Comment by pron

17 hours ago

Oh, if you mean that most algorithm correctness proofs are finitary and therefore don't need to explicitly rely on the excluded middle, that may well be the case, but they certainly don't try to avoid it either. Look at any algorithm paper with a proof of correctness and see how many of them explicitly limit themselves to constructive logic. My point isn't that most algorithm/program proofs need the excluded middle, it's that they don't benefit from not having it, either.

> My point isn't that most algorithm/program proofs need the excluded middle, it's that they don't benefit from not having it, either.

Because if they benefited from it (in surfacing computational content, which is the whole point of constructive proof) they'd be comprised within the algorithm, not the proof.

  • > in surfacing computational content, which is the whole point of constructive proof

    The point of a constructive proof is that the proof itself is in some way computational [1], not that the algorithm is. When I wrote formal proofs, I used either TLA+ or Isabelle/HOL, neither of which are constructive. It's easy to describe the notion of "constructive computation" in a non-constructive logic without any additional effort (that's because non-constructive logics are a superset of constructive logics; i.e. they strictly admit more theorems).

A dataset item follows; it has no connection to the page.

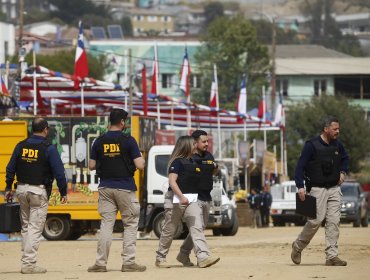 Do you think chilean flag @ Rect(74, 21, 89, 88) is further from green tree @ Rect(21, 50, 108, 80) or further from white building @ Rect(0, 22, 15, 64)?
green tree @ Rect(21, 50, 108, 80)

    [1]: Disregarding computational complexity

    • > When I wrote formal proofs, I used either TLA+ or Isabelle/HOL, neither of which are constructive.

      True, but this requires using different formal systems for the algorithm and the proof. Isabelle/HOL being non-constructive means you can't fully express proof-carrying code in that single system, without tacking on something else for the "purely computational" added content.